My interest in text-based textiles stems from their ubiquity and domesticity. Often seen as cheap, tacky or worthless copies, I hope that the investment of my research may endow everyday objects with their due importance in defining diasporic cultures. The rituals and personal experiences surrounding their consumption reveal a daily reliance on their existence, despite how easily they may be ignored. Despite the liberal multiculturalism that is nationally sanctioned, it only values culture as novelty acts, food at festivals and costumes on holidays, what Dr. Yasmin Jiwani calls “ethnic exotica,” while erasing everything else. Although they have been used as signifiers of our own alienation, perhaps these objects can be reclaimed to shape alternative ideas of authenticity away from romanticizing traditional, static identities grounded in one space or one time. Prioritizing fluidity and self-representation, my artwork problematizes a sense of belonging, whether wrongful or desired.

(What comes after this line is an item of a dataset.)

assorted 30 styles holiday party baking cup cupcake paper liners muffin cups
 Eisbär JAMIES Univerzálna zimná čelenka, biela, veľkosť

Through the lens of decolonial, feminist and critical race theories, I aim to subvert expectations of East Asian narratives in North America, while also situating its privileges in the larger context of Black, Brown and Indigenous peoples’ racialization. My appearance as a visible minority in Canadian society and my family’s history have influenced much of my work to address preconceived notions of Otherness. It situates itself between my experiences of being a local to what is commonly called Montreal, but also part of a generational diaspora of marginalized and misrepresented people in North America. My body of work deconstructs the nationalism and pseudo-post-nationalism that Canadians have been trying to use in defining a collective identity. I use my art practice as a path to reinstate my full complexity as a queer Cantonese femme who does like white jasmine rice, but also likes cheesecake.